Wednesday, September 13, 2006

Cooking at La Varenne, Burgundy

Monday Afternoon, September 11, 2006: By 4:00 p.m we are assembled in the kitchen of La Varenne to begin a master class with Anne Willan. We are each covered with a white La Varenne smock apron. For me, this is akin to working with culinary royalty and it is mesmerizing to watch Anne and her colleague chef Randall demonstrate a variety of French dishes from the Burgundy valley. As they work with different tools and demonstrate preparation of each dish, they are a bit like the maestro conducting a symphony.

Anne and Randall walk us through an historic Michelin map developed by Monsieur Curnonsky, known as the “Prince des Gastronomes.” The diagram depicts the location all of the star restaurants and classic dishes found across the country of France in black type. The cluster of type in Burgundy is dark black. Why is Burgundy so famous for food? Anne says it is the ingredients, all of which have strict requirements for production. Chef Randall points out that Burgundy is known for the Holy Trinity of bread, wine and cheese, which really does explain why French food can be a religious experience.
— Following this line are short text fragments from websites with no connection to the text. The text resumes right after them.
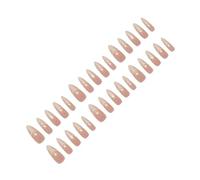 30 Pieces Long Almond Press On Nails Acrylic With Elegant French Tip Designs Glossy Stick On For Party Dates Glossy Full Cover Nail
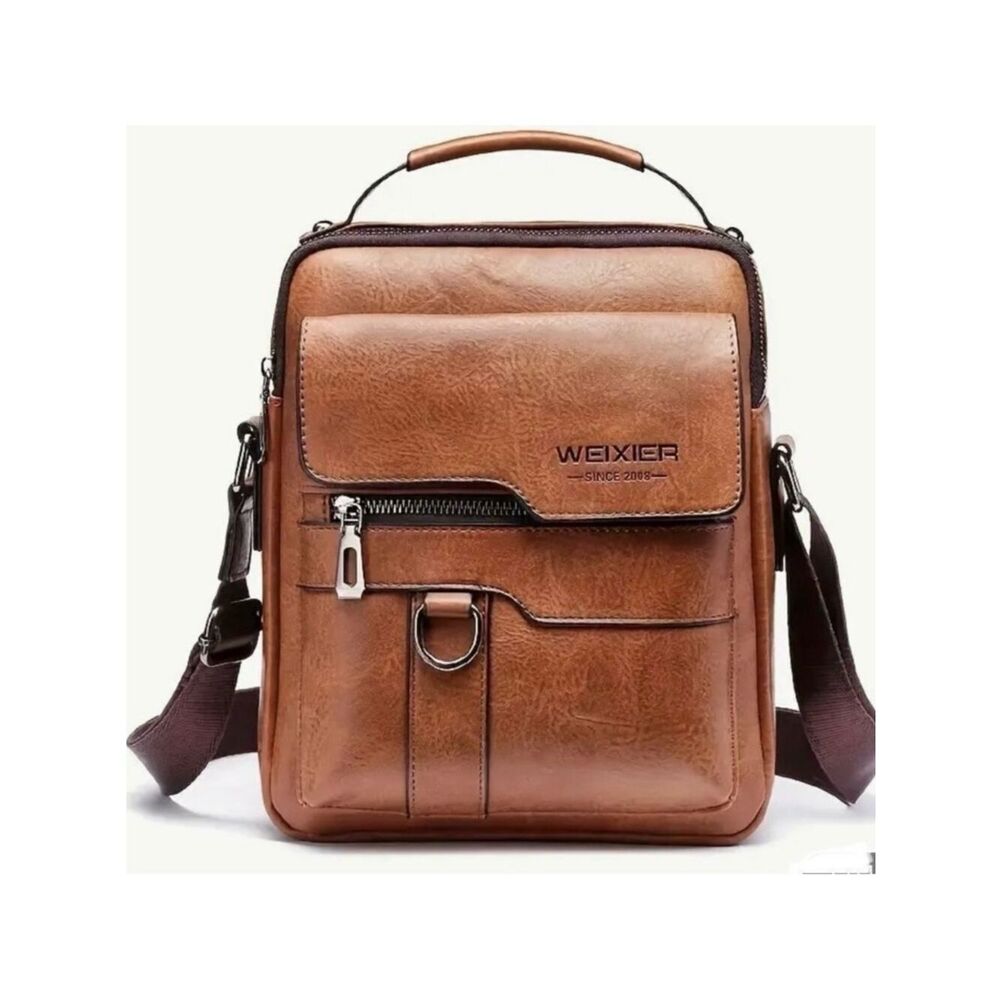 NWT WEIXIER Vintage Tan Camel Shoulder Spacious Multi-Pocket Office Travel Bag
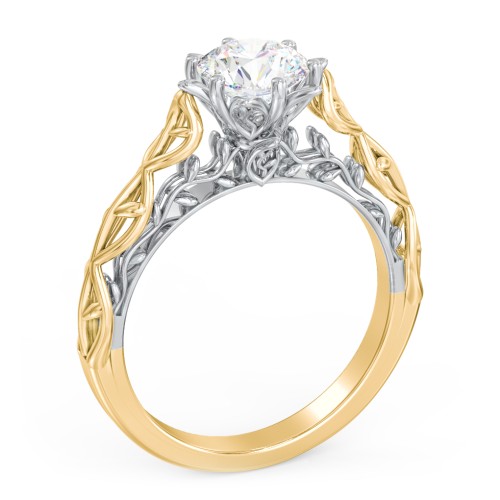 Solitaire Diamond Engagement Ring with Leaf and Vine Details - "The Ava" – 10K Yellow Gold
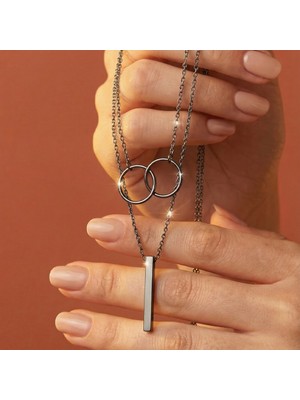 Valmont Accessories Kadın Geometrik Halka Çubuk Detaylı Kolye Antrasit Renk Modern Tasarım 40+3 cm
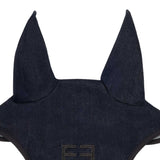 Fly veil in denim-effect technical fabric with logo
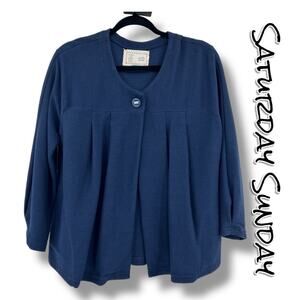 Saturday Sunday Anthropologie Finley Jacket Swing One Button Navy Blue Womens M
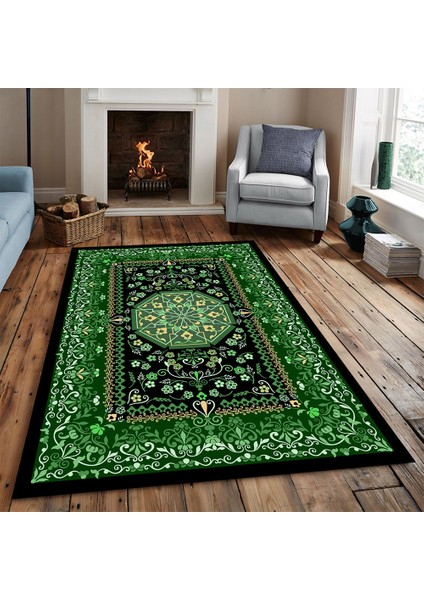 Kaymaz Dot Taban Yıkanabilir Dijital Baskı Çiçek Bağı Desenli Salon Halısı 80 x 100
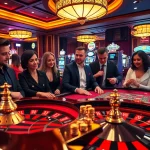 KJC gamblers strategizing at a professional poker table with roulette in the background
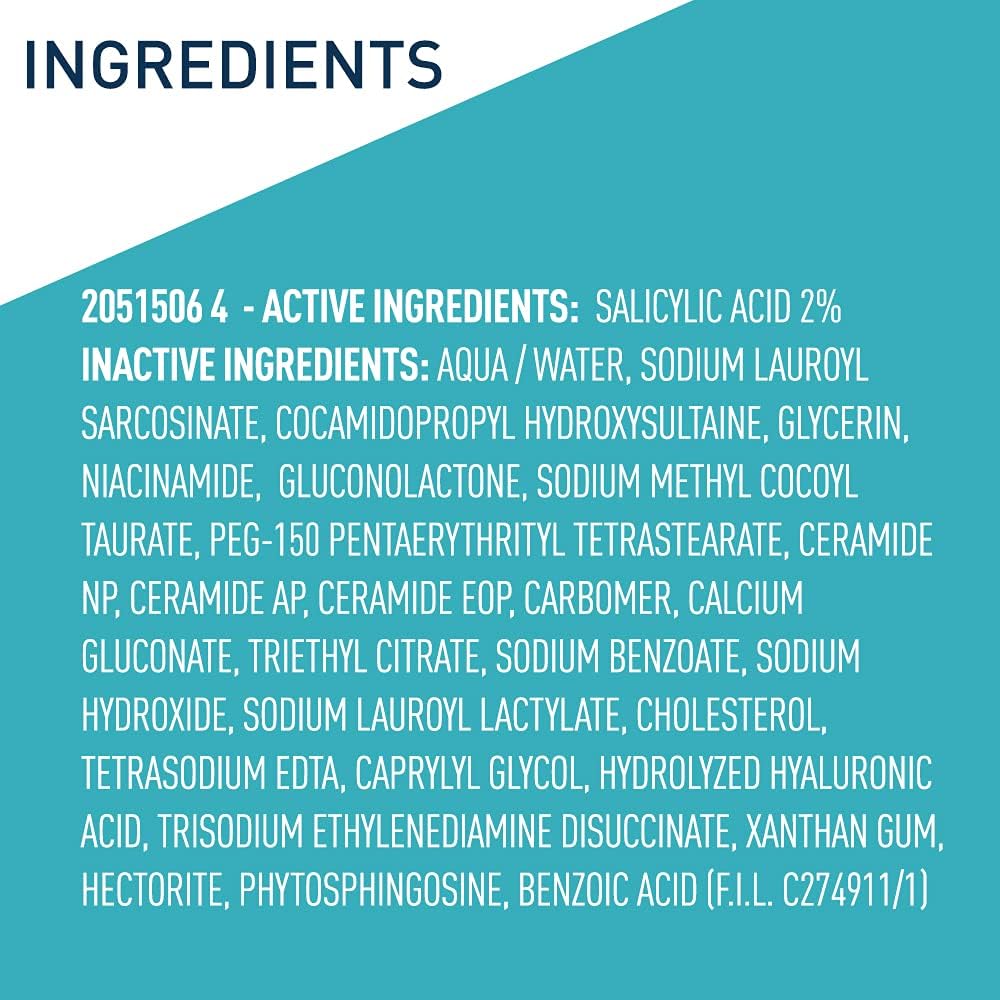 CeraVe_Acne_Treatment_Face_Wash,_Salicylic_Acid_Cleanser_with_Purifying_Clay,_Niacinamide,_and_Ceramides,_Pore_Control_and_Blackhead_Remover,_8_Ounce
After demonstrating several techniques, Anne withdraws and we are assembled into teams to prepare the evening meal. My partner from Canada and I agree to prepare the main dish. We walk to the garden with Chef Randall and pluck long, sun-drenched green and purple sage leaves from the herb garden. Shortly, I am pounding escallops of veal with a huge, scarred kitchen mallet that looks like it belonged to the Norse gods. Above the entryway to the kitchen, there is a color photograph of Anne, a French chef from the La Varenne professional school and Julia Child clustered around the same counter where we are working. They appear to be smiling down on us.

The final dishes are assembled for presentation and inspection. Ann provides pointers on proper use of plates and color – yellow plates are good for fish, incidentally, and decorative plates can detract – and how to arrange the food to be pleasing to the eye. The class is given a round of bubbly aperitifs and we adjourn to the dining room to enjoy our meal. The tender escallops of veal make for a rustic dish, and the taste of sage infuses the meat. The staff pours a smooth vintage of red Bordeaux with wonderfully intense flavors of mineral and earth, perfect for our French country dinner.